Relationships pages: Correlations | Simple linear regression | Grouped linear regression | Multiple linear regression
Using the R code file provided and the sv2017
dataset:
If you need to install packages like car
or
psych
this should be done first, either:
install.packages("psych")
# load packages we need
library(car) # for various plotting and regression-specific functions
library(viridis) # colour palettes for improved graph readability
library(psych) # utility functions
library(RcmdrMisc) # utility functions
library(corrplot) # plotting of correlation heatmaps
Let's look at the relationship between Cd and Zn in the Smiths Lake
and Charles Veryard Reserves data from 2017.
For Pearson's
correlation we need variables with normal distributions, so first
log10-transform Cd and Zn...
git <- "https://raw.githubusercontent.com/Ratey-AtUWA/Learn-R-web/main/"
sv2017 <- read.csv(paste0(git,"sv2017_original.csv"), stringsAsFactors = TRUE)
sv2017$Cd.log <- log10(sv2017$Cd)
sv2017$Zn.log <- log10(sv2017$Zn)
...and test if the distributions are normal.

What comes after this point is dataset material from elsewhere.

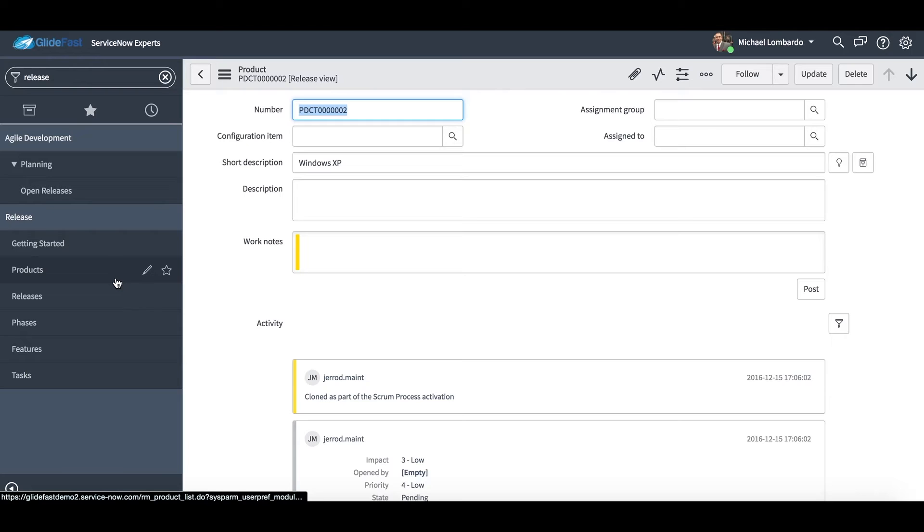Hello everyone, my name is Michael Lombardo with Glidefast Consulting and today I'll be doing a demo of release management in ServiceNow.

Remember that the null hypothesis for the Shapiro-Wilk test is that "the distribution of the variable of interest is not different from a normal distribution". So, if the P-value ≥ 0.05, we can't reject the null and therefore our variable is normally distributed.
shapiro.test(sv2017$Cd)
shapiro.test(sv2017$Cd.log)
shapiro.test(sv2017$Zn)
shapiro.test(sv2017$Zn.log)
##
## Shapiro-Wilk normality test
##
## data: sv2017$Cd
## W = 0.63001, p-value = 1.528e-12
##
##
## Shapiro-Wilk normality test
##
## data: sv2017$Cd.log
## W = 0.97272, p-value = 0.1006
##
##
## Shapiro-Wilk normality test
##
## data: sv2017$Zn
## W = 0.6155, p-value = 7.75e-14
##
##
## Shapiro-Wilk normality test
##
## data: sv2017$Zn.log
## W = 0.9828, p-value = 0.295
cor.test(sv2017$Cd, sv2017$Zn, alternative="two.sided",
method="pearson") # is Pearson valid?
cor.test(sv2017$Cd.log, sv2017$Zn.log, alternative="two.sided",
method="pearson") # is Pearson valid?
##
## Pearson's product-moment correlation
##
## data: sv2017$Cd and sv2017$Zn
## t = 9.8415, df = 74, p-value = 4.357e-15
## alternative hypothesis: true correlation is not equal to 0
## 95 percent confidence interval:
## 0.6353031 0.8363947
## sample estimates:
## cor
## 0.7529165
##
##
## Pearson's product-moment correlation
##
## data: sv2017$Cd.log and sv2017$Zn.log
## t = 7.696, df = 74, p-value = 4.859e-11
## alternative hypothesis: true correlation is not equal to 0
## 95 percent confidence interval:
## 0.5193717 0.7756160
## sample estimates:
## cor
## 0.6667536
For the Pearson correlation we get a t
statistic and
associated degrees of freedom (df
), for which there is a
p-value
. The null hypothesis is that there is "no
relationship between the two variables", which we can reject if p ≤
0.05. We also get a 95% confidence interval for the correlation
coefficient, and finally an estimate of Pearson's r
(cor
).
A Spearman coefficient doesn't change with transformation, since it is calculated from the ranks (ordering) of each variable.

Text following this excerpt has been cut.